■ Activity ■
When writing out the entries below, keep only the lines from the line with "3.02 Ct. Pink" to the line with "Smartwatch LED Flashlight", both included, exactly as they are, and leave the pictures aside.

■ Records provided ■
··········

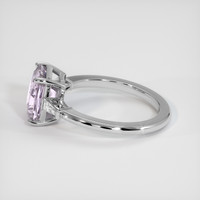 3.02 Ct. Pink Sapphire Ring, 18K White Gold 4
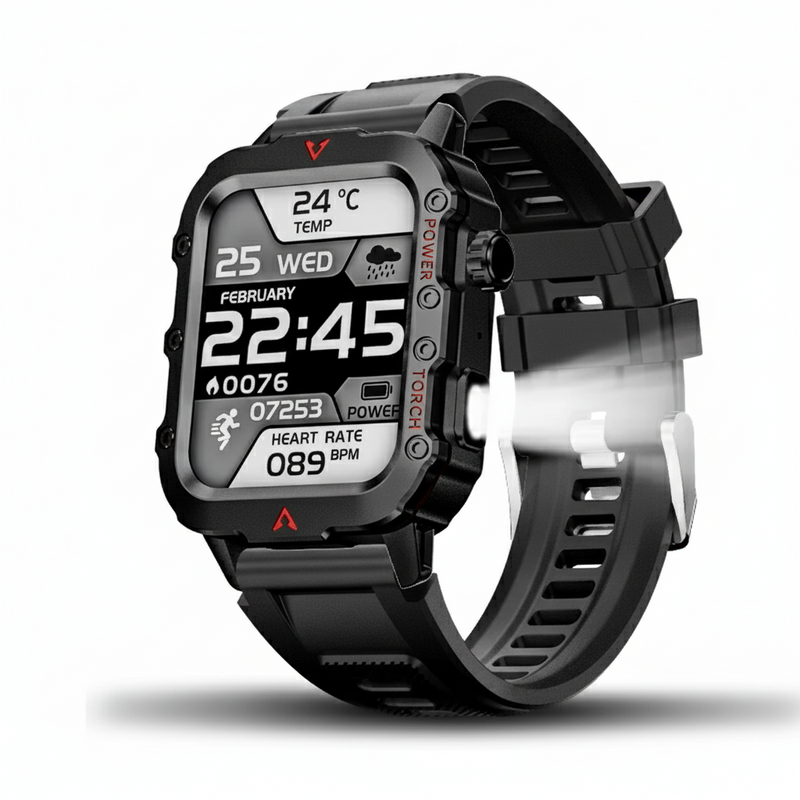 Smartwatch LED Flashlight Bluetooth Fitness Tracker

··········

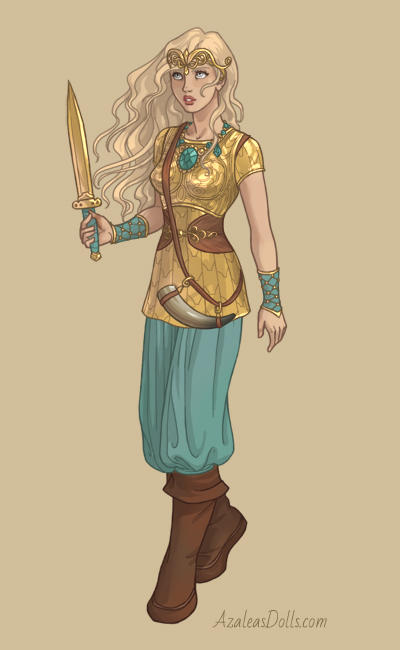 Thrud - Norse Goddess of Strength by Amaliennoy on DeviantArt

··········

■ Solution ■
 3.02 Ct. Pink Sapphire Ring, 18K White Gold 4
 Smartwatch LED Flashlight Bluetooth Fitness Tracker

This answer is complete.